Она просыпается в поту, по подбородку бежит липкая слюна, она дергается встать к умывальнику и все вспоминает.
Летчица, мать ее так! В ней сто пятьдесят недвижных килограммов, намертво спаянных с твердым настилом кровати.
— М-м-м-м, — мычит она.
Куда подевался Сорока? Он должен почувствовать, что нужен, что ей плохо и ее нужно вытереть. Сила Сороки — в отличие от инструктора — была в понимании. Это ведь он в конце концов ее спас.
Как было? Он нашел ее после полета. Она сидела на траве. Они знакомы не были, но так получилось, что, пока она мучилась в небе города Сталина, Сорока переехал в их поселок, познакомился с ее мамой, и мама попросила его передать для дочери, когда он будет в Сталине, вигоневую коричневую баядерку на пяти пуговицах.
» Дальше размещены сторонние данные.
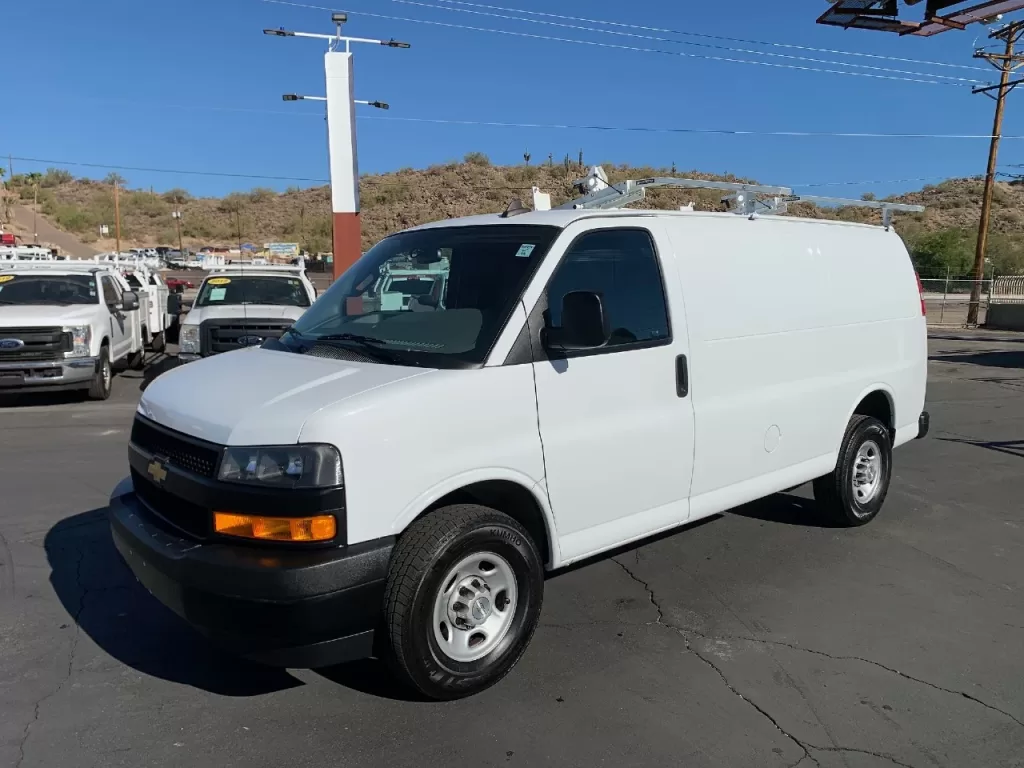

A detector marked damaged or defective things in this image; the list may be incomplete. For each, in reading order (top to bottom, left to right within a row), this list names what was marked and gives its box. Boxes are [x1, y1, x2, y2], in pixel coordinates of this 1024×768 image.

crack in asphalt [14, 548, 87, 768]
cracked pavement [2, 331, 1024, 768]
crack in asphalt [610, 561, 1019, 768]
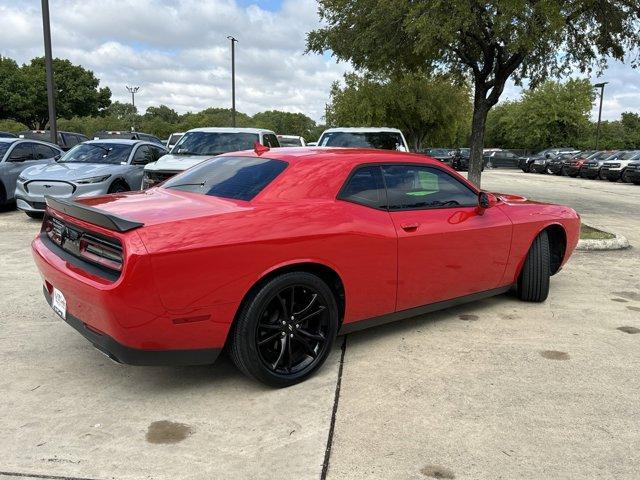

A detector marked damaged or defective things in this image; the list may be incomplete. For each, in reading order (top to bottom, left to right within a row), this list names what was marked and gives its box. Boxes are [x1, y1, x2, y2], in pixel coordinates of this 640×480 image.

pavement crack [322, 336, 348, 478]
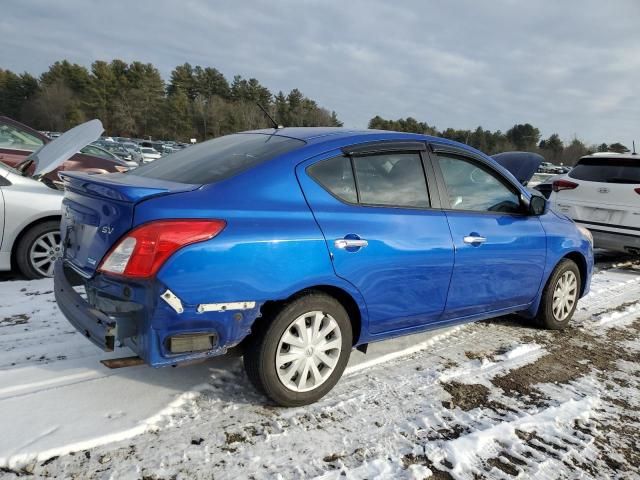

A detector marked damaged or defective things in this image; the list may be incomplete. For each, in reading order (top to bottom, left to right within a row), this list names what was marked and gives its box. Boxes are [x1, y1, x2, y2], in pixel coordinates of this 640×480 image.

rear bumper damage [55, 260, 262, 366]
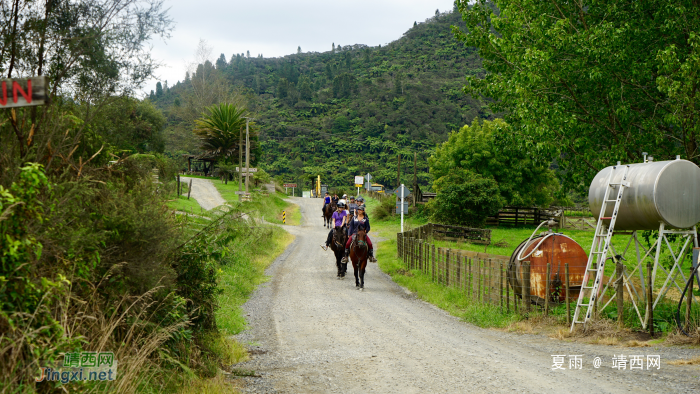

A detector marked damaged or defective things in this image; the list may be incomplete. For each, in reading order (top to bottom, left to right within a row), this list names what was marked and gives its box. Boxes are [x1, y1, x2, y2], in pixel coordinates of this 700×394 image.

rusty orange tank [506, 234, 588, 304]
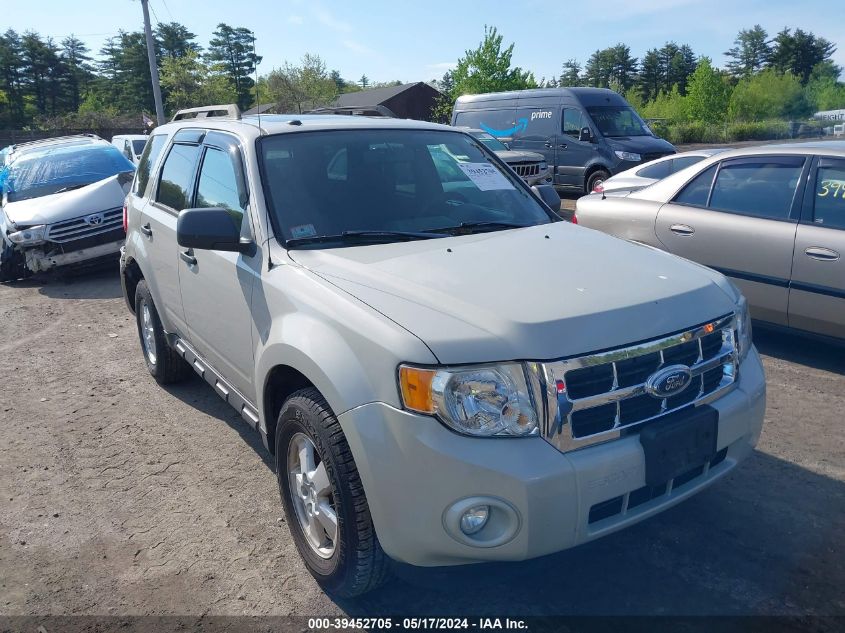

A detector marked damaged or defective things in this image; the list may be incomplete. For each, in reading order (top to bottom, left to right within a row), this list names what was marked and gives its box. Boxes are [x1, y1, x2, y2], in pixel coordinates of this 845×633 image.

Сорока по делам часто ездил в центр, а дочь-летчица приезжала домой редко. А холода вот-вот…
Сорока и увидел девушку на траве под крылом самолета. И подумал: «Ну и ну! Какая страхолюдина».
Он положил сверток к ногам летчицы Зины и ушел в разочаровании, потому что была у него идея пригласить ее на танцы. Не то что у Сороки были проблемы с барышнями — никогда и никаких, но вскормилась идея танцев с землячкой. Пока ехал на «кукушке», намечтал себе девицу статную с переливчатым смехом. И чтоб дрожало у нее от смеха горло-горлышко — Сороку это очень возбуждало в женском роде.
Но получился провал. Синего цвета лицом в зеленой одежде большая и нескладная деваха некрасиво сидела на жухлой траве, а в глазах ее тусклых стояла смерть. Сорока так понял боль, потому что сам был парень здоровый на все сто и все больное вызывало в нем отрицание и отвращение. А отрицание и отвращение и есть смерть. Так понимал Сорока.
А вечером на танцах он увидел девушку, которую себе намечтал, пока вез вигоневую баядерку на пяти пуговицах. Высокая, с тонкой талией и с той самой попой, которую Сорока в женщине уважал. Двумя частями себя барышни могли брать его голыми руками: дрожащим от смеха горлом-горлышком и попкой — чтоб была круглая, направлением вверх, чтоб во все стороны шла от попки искра и чтоб платьице на ней было внатяг.
Сорока аж задрожал. И кинулся через площадку наперерез судьбе. Когда он вел красавицу в фокстроте и она плавно покачивалась в его руках, слова девушки: «А как там мама? Не болеет ли?», до Сороки дошли, как вопрос о его маме, которой у него не было с младых ногтей. Сороку тронул сам ход мысли — от него к его матери. Потому что всякие девицы встречались и по-разному ощупывали. Он уже открыл рот, чтоб сказать, что он сирота, но девушка в его руках вздохнула, и он узнал этот вздох. Та, на траве, дышала так же, но чаще…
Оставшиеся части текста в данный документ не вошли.